In my case, we're running IIS 7.5 behind a slightly older version of ASA, which we're in the process of replacing. We have an existing FTP site and my plan was to simply add FTPS support with the certificate & maybe getting our network admins to open up a few ports. IIS has a similar masquerade setting for each FTP site named "External IP Address of Firewall", which is, itself, misleading.

the TL/DR version: If your FTP server allows you to specify a masquerade IP & a range of ports used for PASV connections, you SHOULD be able to fix this by opening up those ports & disabling ftp inspection.

Due to some some other constraints, I wasn't able to get inspection disabled on our ASA, so I had to make some compromises. Here's what I observed/learned:

  • The ASA can only inspect non-encrypted traffic. duh?
  • The default behavior of the ASA is to inspect a number of protocols, including FTP.
  • the client authenticates on server port 21 and determines the feature set supported by the server.
  • The client, if so configured, will send a PASV request to the server
  • The server will respond with "227 entering passive mode (a,b,c,d,e,f)" where a.b.c.d is the server address and e*256 + f = port number
  • The a.b.c.d address will be the internal IP unless the masquerade address is configured
  • the FTP inspection will rewrite the a.b.c.d address to the external IP and open up the specified port for this client.
  • If the a.b.c.d address IS the external address, the response packet is discarded. *This might be due to the strict option, which I could not verify.
  • CuteFTP will recognize a non-routable IP in the PASV response and attempt to use the server's external address instead.
  • the ASA can't read the SSL-encrypted FTPS traffic, so it bypasses the inspection and works.

So in our case, when I set the masquerade IP, I was able to connect just fine via FTPS, but regular FTP would fail.
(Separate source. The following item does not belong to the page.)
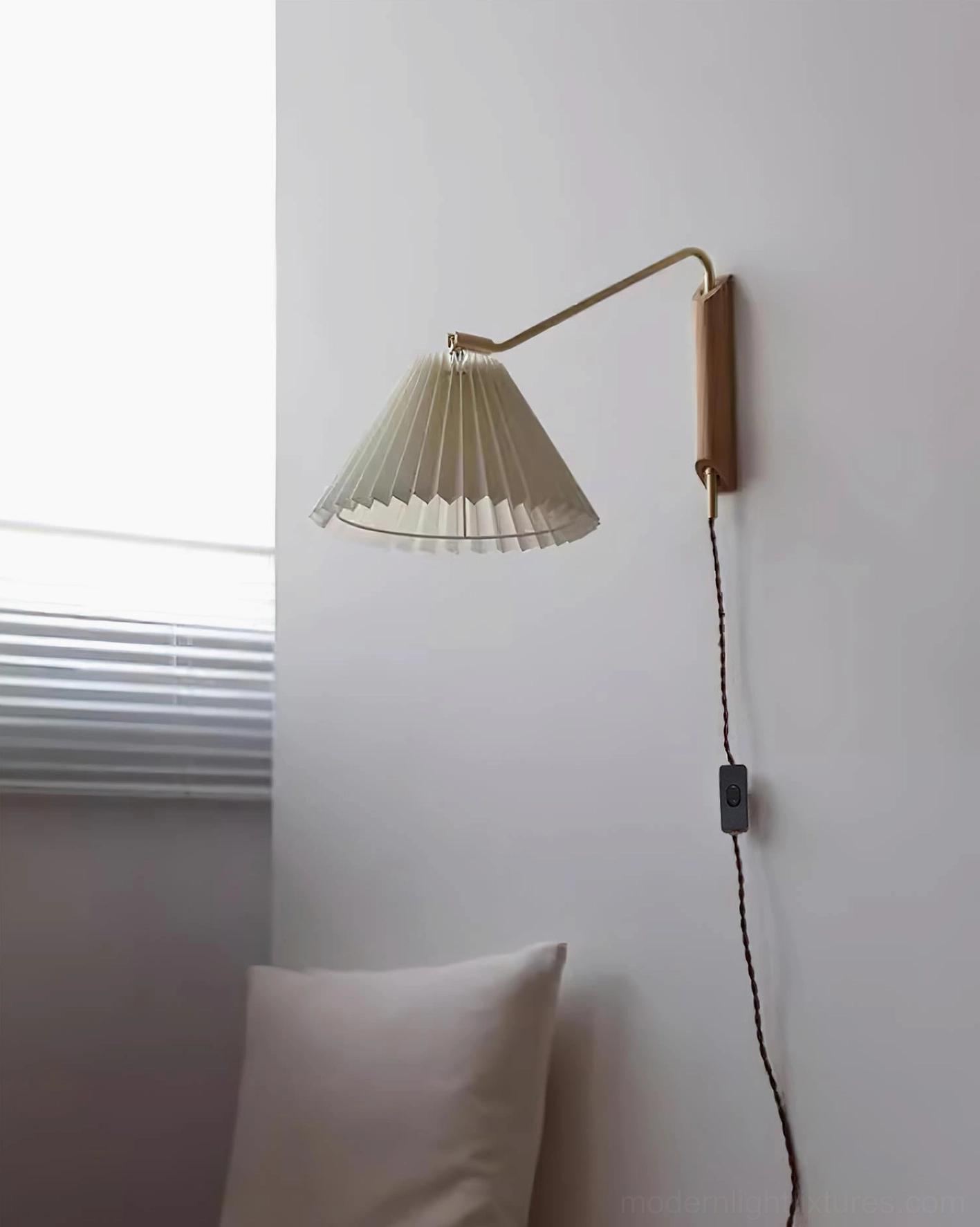 Dorset wall lamp showing adjustable arm rotation capability for lighting angles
When I removed the masquerade IP, I was still able to connect to both FTP and FTPS using CuteFTP, but our primary client wasn't able to connect to FTPS. (their system wasn't "smart" enough to translate the non-routable IP...)

So my lame workaround was using two separate sites: one that used a masquerade IP and required SSL, the other site that didn't.

TMI, but maybe it helps somebody work through this.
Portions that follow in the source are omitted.